Quanto levar por dia em Montevidéu

Esse é o ponto de partida. Antes de pensar em câmbio ou cartão, o leitor precisa saber quanto Montevidéu pede por dia, sem contar passagem e hospedagem (porque esses dois você já paga antes). A gente trabalha sempre com três perfis:

  • Viagem econômica: em torno de R$ 200 a R$ 300 por dia por pessoa. Dá pra comer bem em menus do dia, usar bastante ônibus urbano e caminhar pelo Centro, Cidade Velha e Pocitos.
  • Viagem confortável: em torno de R$ 370 a R$ 600 por dia.

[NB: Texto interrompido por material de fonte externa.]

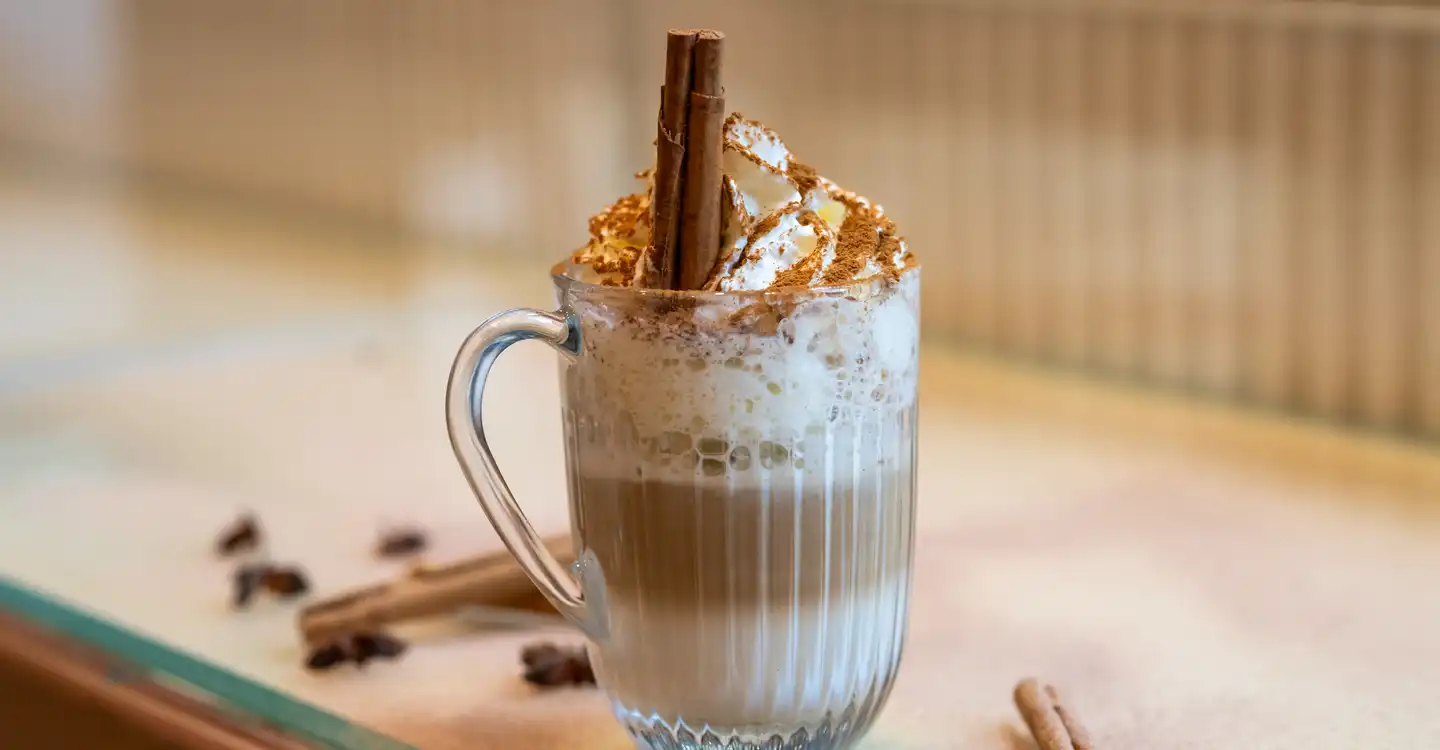 Mada One, Nos boissons chaudes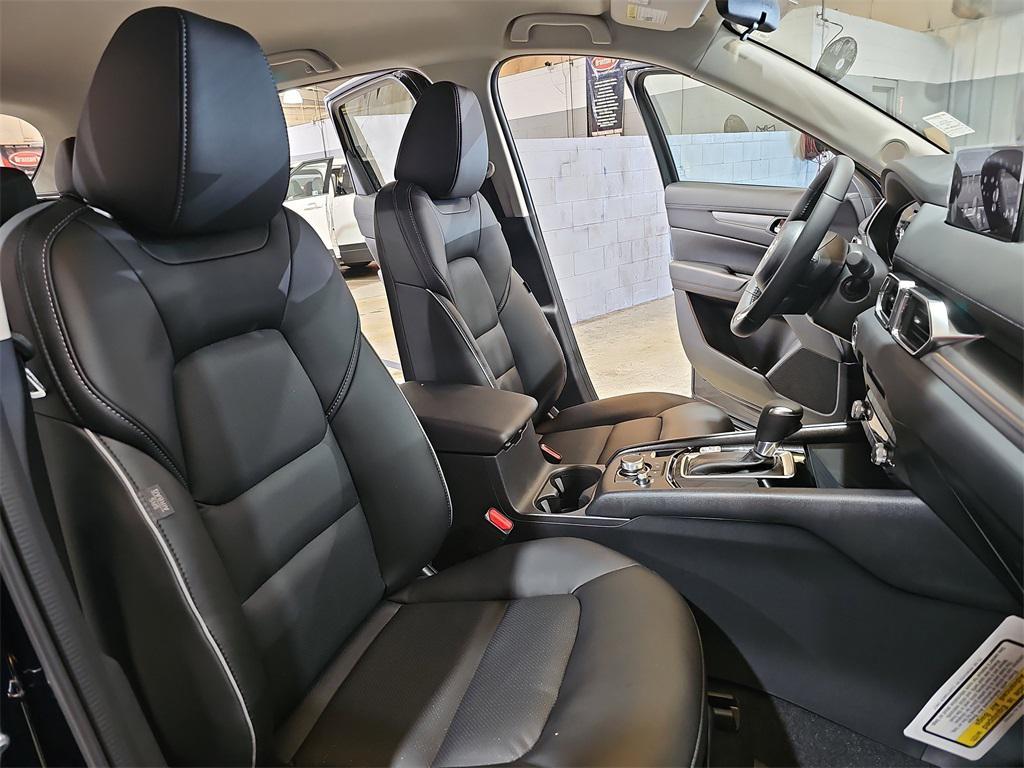 new 2025 Mazda CX-5 car, priced at $29,342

Já entra restaurante melhor, alguns táxis, um ou outro passeio pago e jantar no Mercado del Puerto.
  • Viagem mais sofisticada: a partir de R$ 600 a R$ 800 por dia. Aqui já entra vinícola, bodega, restaurante de carta de vinhos e bate-volta com tour fechado.

Esses valores cobrem alimentação, transporte local, atrações e uma gordurinha pra imprevistos. Pra uma viagem de 5 dias num perfil confortável, por exemplo, calcule em torno de R$ 2.000 só pro dia a dia — fora avião e hotel.

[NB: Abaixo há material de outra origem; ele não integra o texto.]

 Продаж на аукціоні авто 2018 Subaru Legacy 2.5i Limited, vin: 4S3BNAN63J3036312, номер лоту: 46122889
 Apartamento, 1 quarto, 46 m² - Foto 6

Visita à Bodega Bouza em Montevidéu

Moeda do Uruguai: o que é o peso uruguaio

A moeda oficial é o peso uruguaio (UYU). As cédulas mais comuns são as de 20, 50, 100, 200, 500, 1.000 e 2.000 pesos, e ainda circulam moedinhas de 1, 2, 5, 10 e 50 pesos. Os números parecem altos, mas o real bate forte no peso, então não se assuste quando o cardápio mostrar um prato a 700 pesos — vai parecer pouco depois da conversão.

Uma confusão clássica do brasileiro chegando lá: pegar uma nota de 1.000 pesos e achar que tá com uma fortuna. Não tá. Faça a conversão de cabeça antes de gastar — a gente explica como mais abaixo.

Real, dólar ou peso: o que vale a pena levar?

Essa é a pergunta. E a resposta curta é: leve a maior parte em cartão internacional + uma reserva em reais em espécie pra trocar por pesos quando chegar em Montevidéu. Dólar e peso comprado no Brasil normalmente não compensam. Vamos detalhar.

Reais em espécie: a melhor opção pra trocar lá

Aqui mora um dos macetes mais importantes da viagem: não compre pesos no Brasil. As casas de câmbio brasileiras pagam um câmbio bem pior do que as de Montevidéu, e quando você soma IOF e spread, a perda pode chegar a uns 17% — ou seja, você joga dinheiro fora antes mesmo de embarcar.

O ideal é levar entre R$ 300 e R$ 500 em reais em espécie e trocar nas casas de câmbio do centro de Montevidéu. A cotação costuma girar em torno de 7 pesos por real (depende do dia, claro), e em geral é bem melhor do que qualquer câmbio brasileiro.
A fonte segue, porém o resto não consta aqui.